[[ Information supplied open ]]

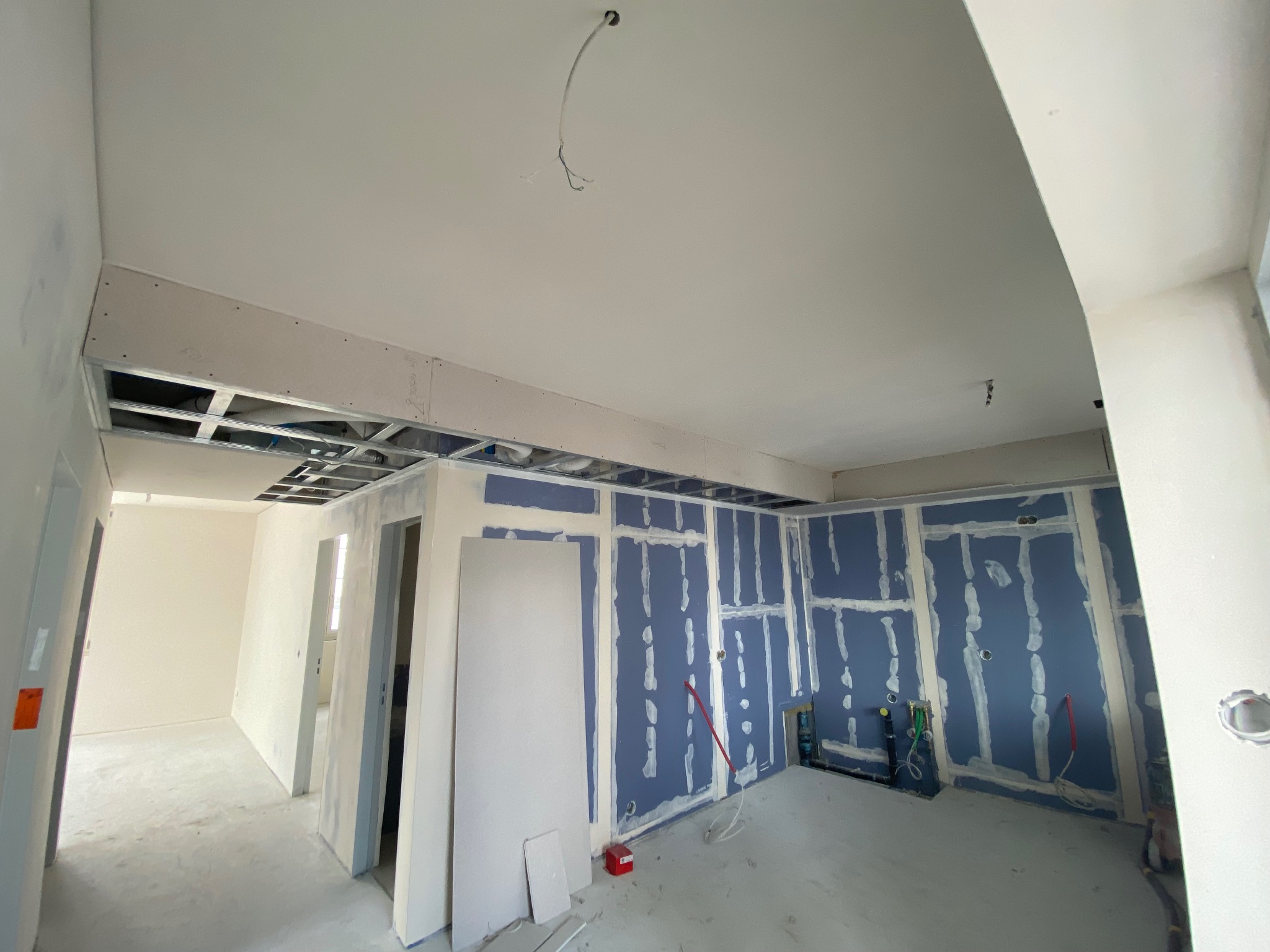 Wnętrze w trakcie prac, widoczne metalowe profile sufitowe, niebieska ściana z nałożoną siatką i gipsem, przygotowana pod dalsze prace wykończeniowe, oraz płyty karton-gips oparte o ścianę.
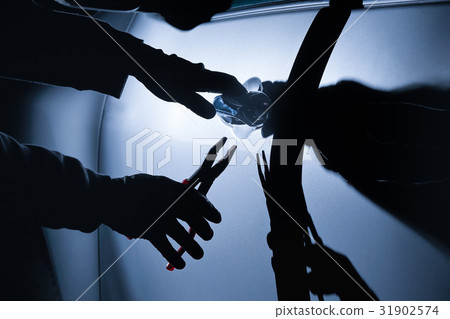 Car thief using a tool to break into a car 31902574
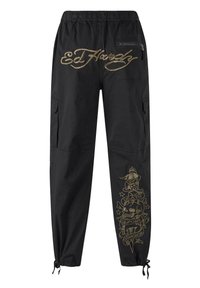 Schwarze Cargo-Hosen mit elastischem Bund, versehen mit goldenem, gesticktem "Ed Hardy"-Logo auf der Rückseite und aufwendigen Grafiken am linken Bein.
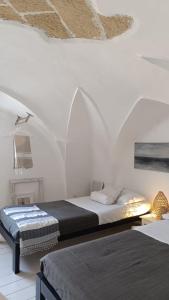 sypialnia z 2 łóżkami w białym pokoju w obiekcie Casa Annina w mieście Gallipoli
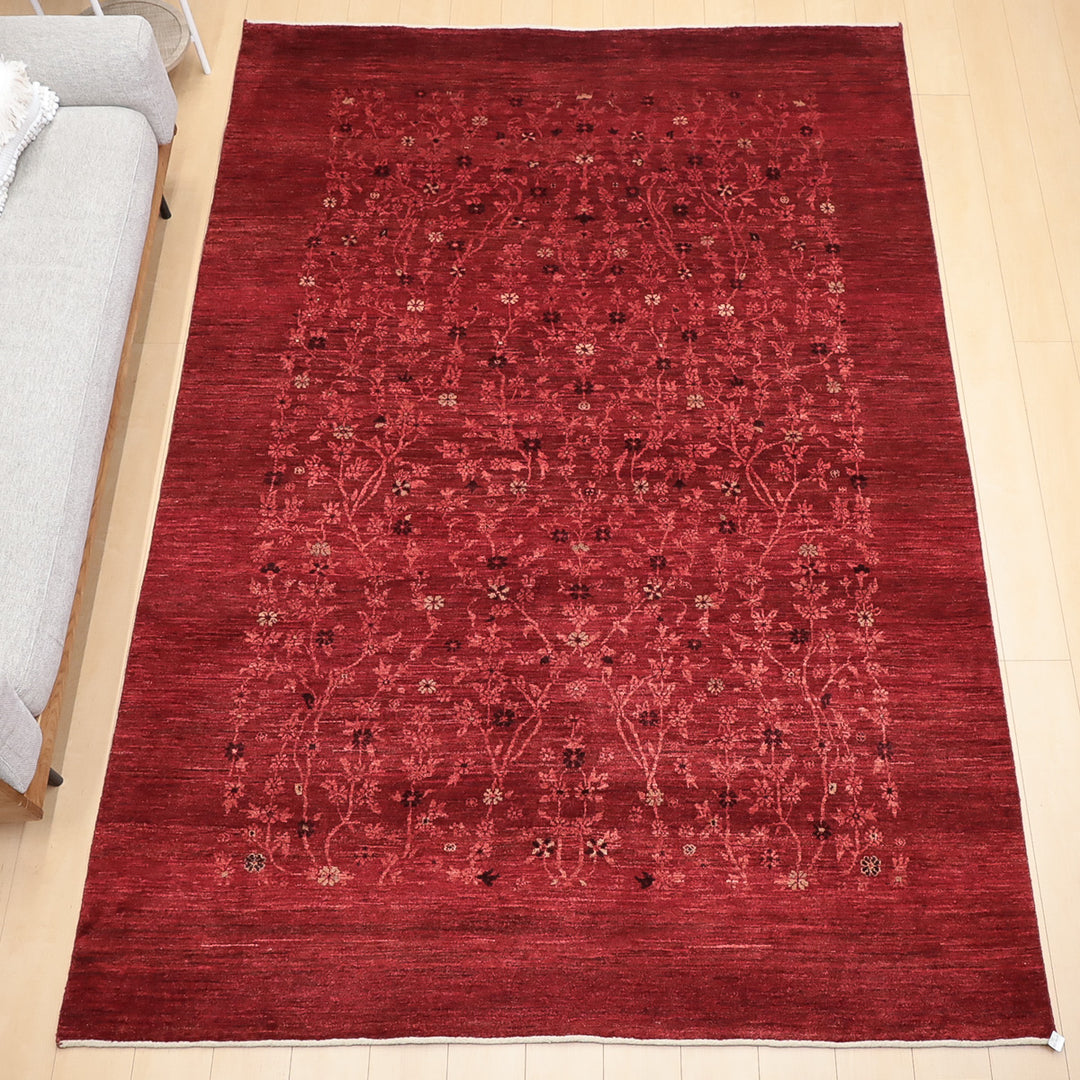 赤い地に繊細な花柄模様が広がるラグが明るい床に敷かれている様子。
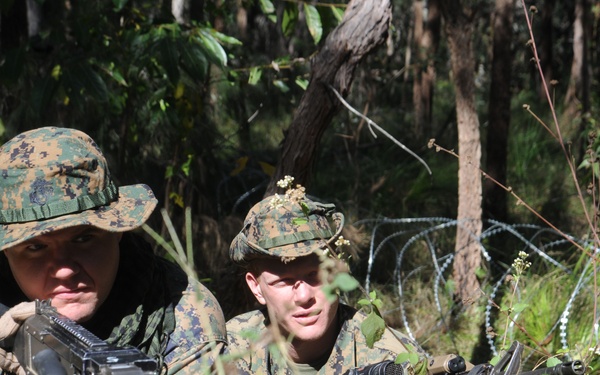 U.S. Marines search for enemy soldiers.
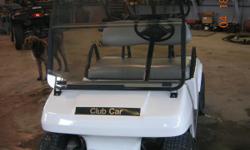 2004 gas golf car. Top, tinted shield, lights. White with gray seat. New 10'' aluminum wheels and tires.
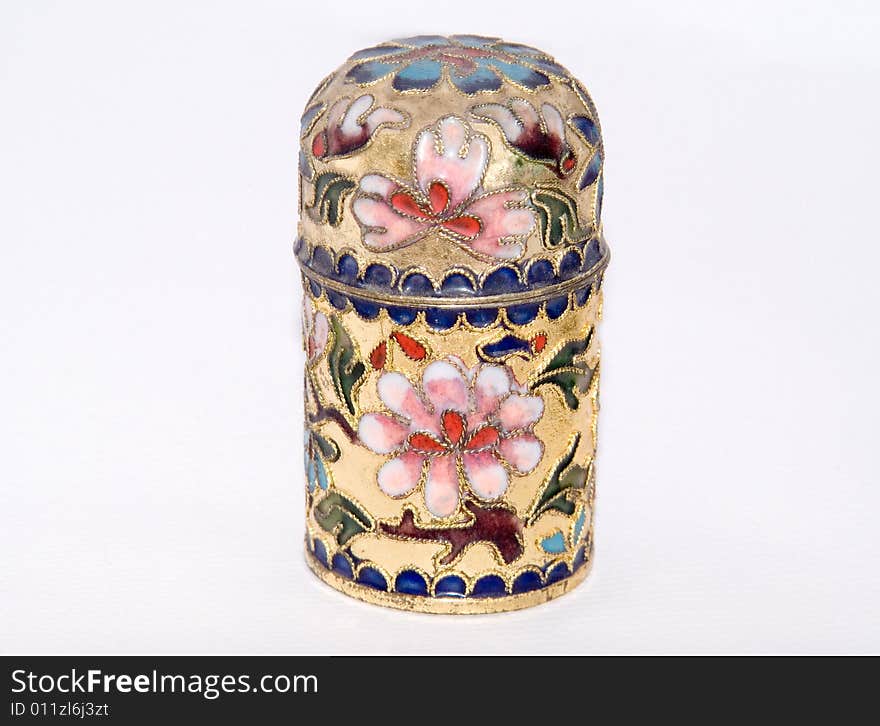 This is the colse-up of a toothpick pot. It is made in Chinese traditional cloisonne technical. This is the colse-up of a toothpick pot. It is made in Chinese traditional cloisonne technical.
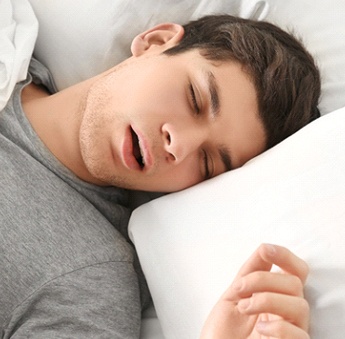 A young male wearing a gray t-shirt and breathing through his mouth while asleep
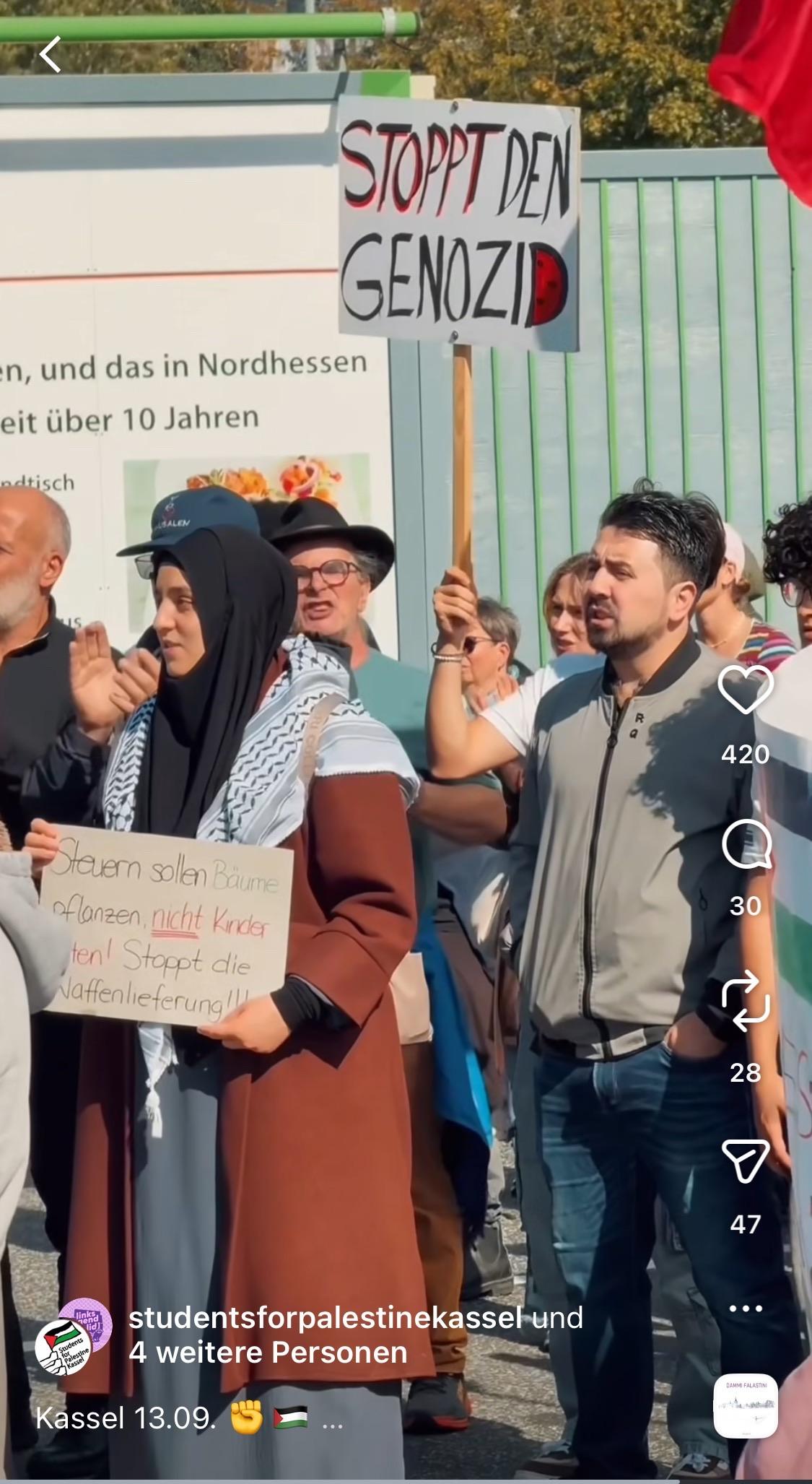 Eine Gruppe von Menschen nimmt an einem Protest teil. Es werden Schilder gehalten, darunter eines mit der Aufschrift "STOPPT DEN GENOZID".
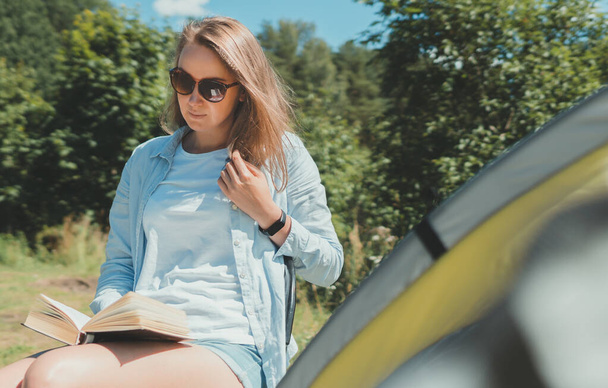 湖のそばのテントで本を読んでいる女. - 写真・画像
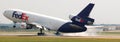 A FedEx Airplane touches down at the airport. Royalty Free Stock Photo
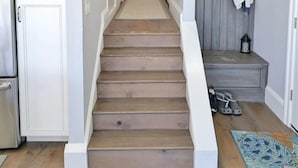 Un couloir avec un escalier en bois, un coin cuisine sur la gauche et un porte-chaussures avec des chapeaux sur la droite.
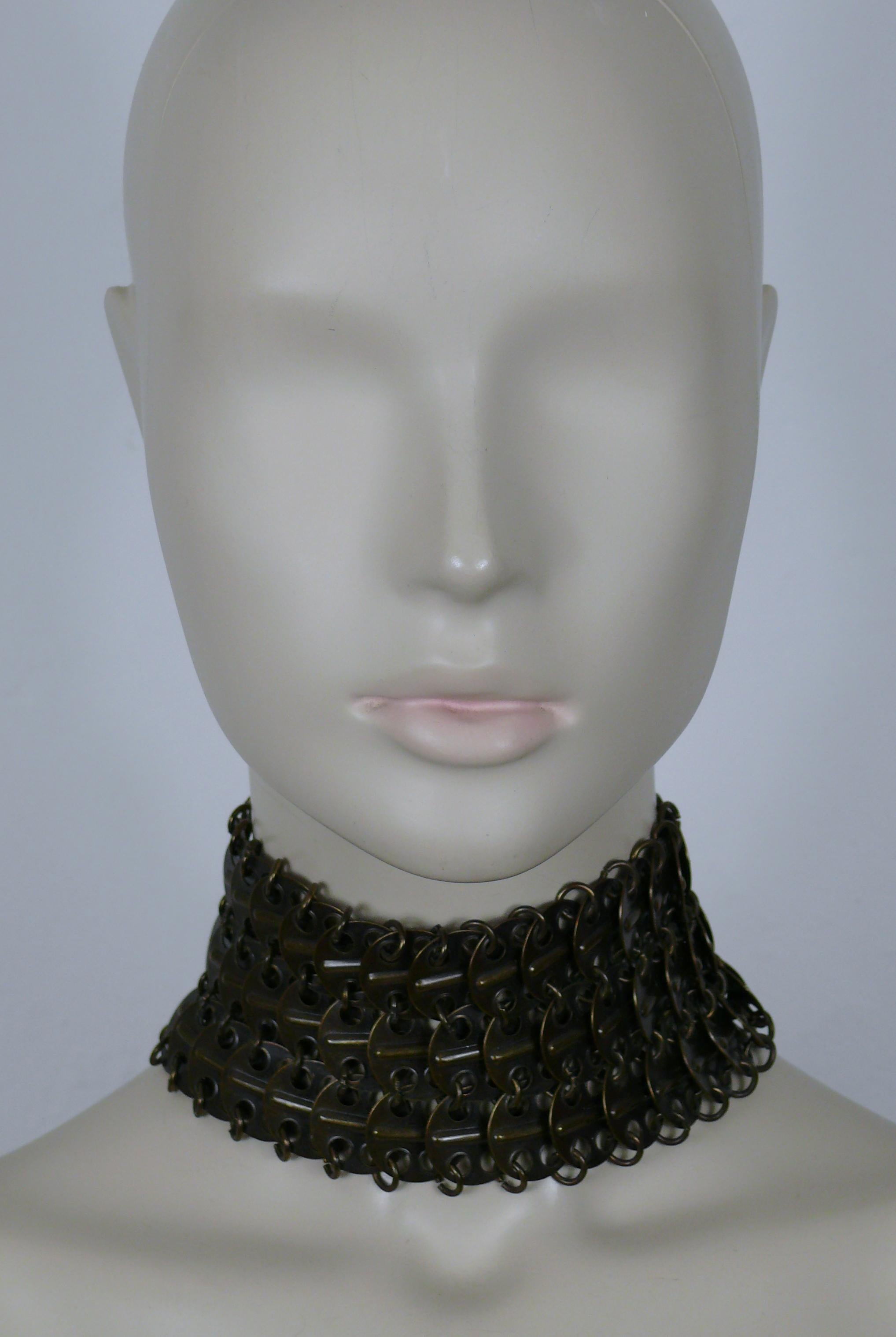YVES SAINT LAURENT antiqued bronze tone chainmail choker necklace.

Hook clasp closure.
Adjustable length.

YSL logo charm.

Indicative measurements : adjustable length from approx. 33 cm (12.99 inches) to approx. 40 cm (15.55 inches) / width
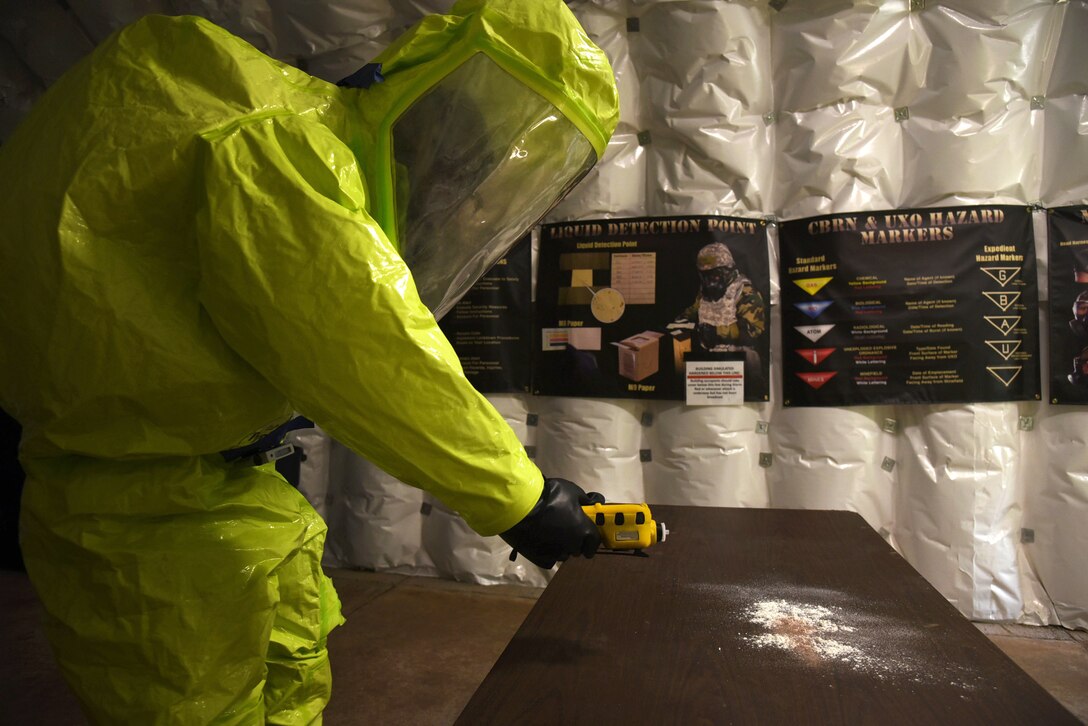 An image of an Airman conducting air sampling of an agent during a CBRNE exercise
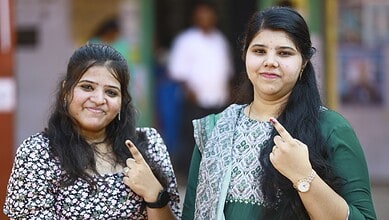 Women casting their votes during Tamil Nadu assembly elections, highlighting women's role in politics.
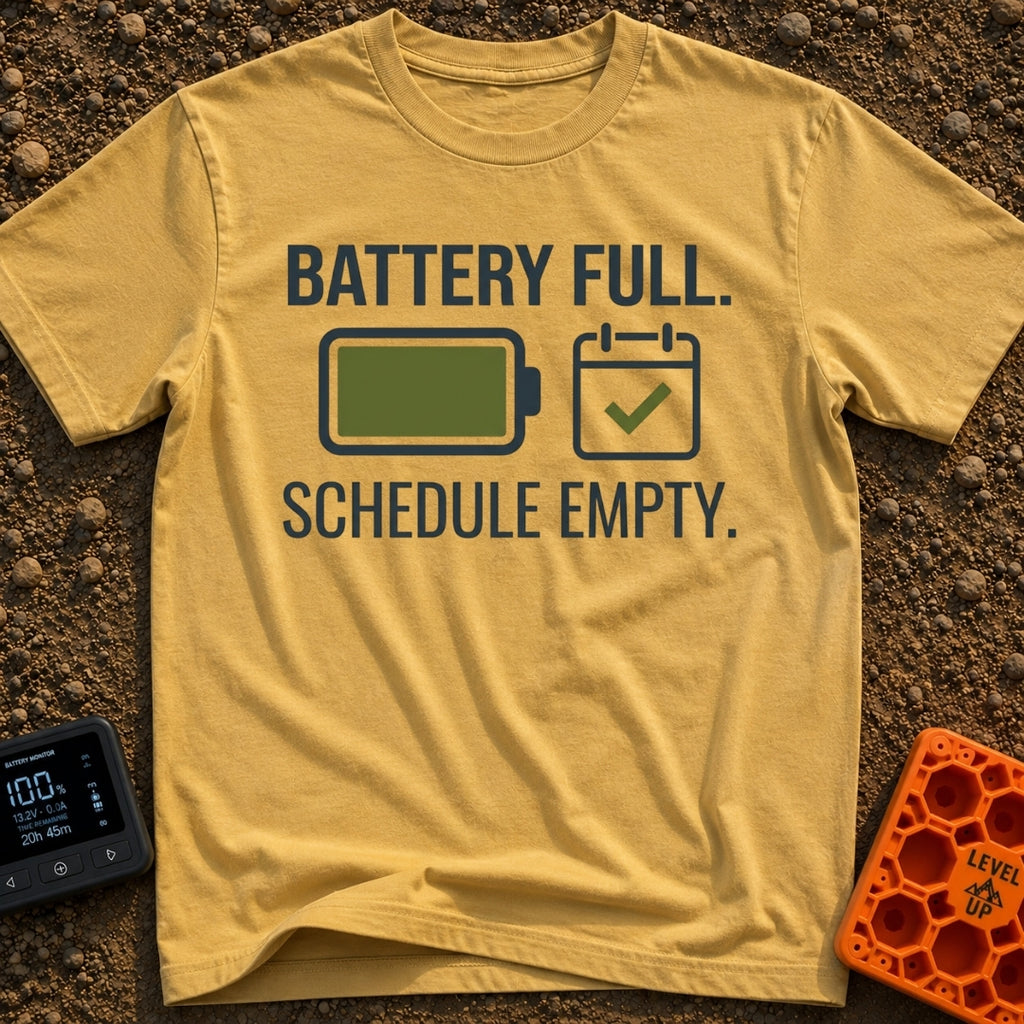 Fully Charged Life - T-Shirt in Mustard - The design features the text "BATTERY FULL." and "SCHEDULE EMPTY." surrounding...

[[ Information supplied closed ]]

▸ **Task objective**:
Return only the lines from the one that contains "赤い地に繊細な花柄模様が広がるラグが明るい床に敷かれている様子。" through the closing line of the data, inclusive, reproduced exactly and with every picture left out.

▸ **The completed task**:
 赤い地に繊細な花柄模様が広がるラグが明るい床に敷かれている様子。
 U.S. Marines search for enemy soldiers.
 2004 gas golf car. Top, tinted shield, lights. White with gray seat. New 10'' aluminum wheels and tires.
 This is the colse-up of a toothpick pot. It is made in Chinese traditional cloisonne technical. This is the colse-up of a toothpick pot. It is made in Chinese traditional cloisonne technical.
 A young male wearing a gray t-shirt and breathing through his mouth while asleep
 Eine Gruppe von Menschen nimmt an einem Protest teil. Es werden Schilder gehalten, darunter eines mit der Aufschrift "STOPPT DEN GENOZID".
 湖のそばのテントで本を読んでいる女. - 写真・画像
 A FedEx Airplane touches down at the airport. Royalty Free Stock Photo
 Un couloir avec un escalier en bois, un coin cuisine sur la gauche et un porte-chaussures avec des chapeaux sur la droite.
YVES SAINT LAURENT antiqued bronze tone chainmail choker necklace.

Hook clasp closure.
Adjustable length.

YSL logo charm.

Indicative measurements : adjustable length from approx. 33 cm (12.99 inches) to approx. 40 cm (15.55 inches) / width
 An image of an Airman conducting air sampling of an agent during a CBRNE exercise
 Women casting their votes during Tamil Nadu assembly elections, highlighting women's role in politics.
 Fully Charged Life - T-Shirt in Mustard - The design features the text "BATTERY FULL." and "SCHEDULE EMPTY." surrounding...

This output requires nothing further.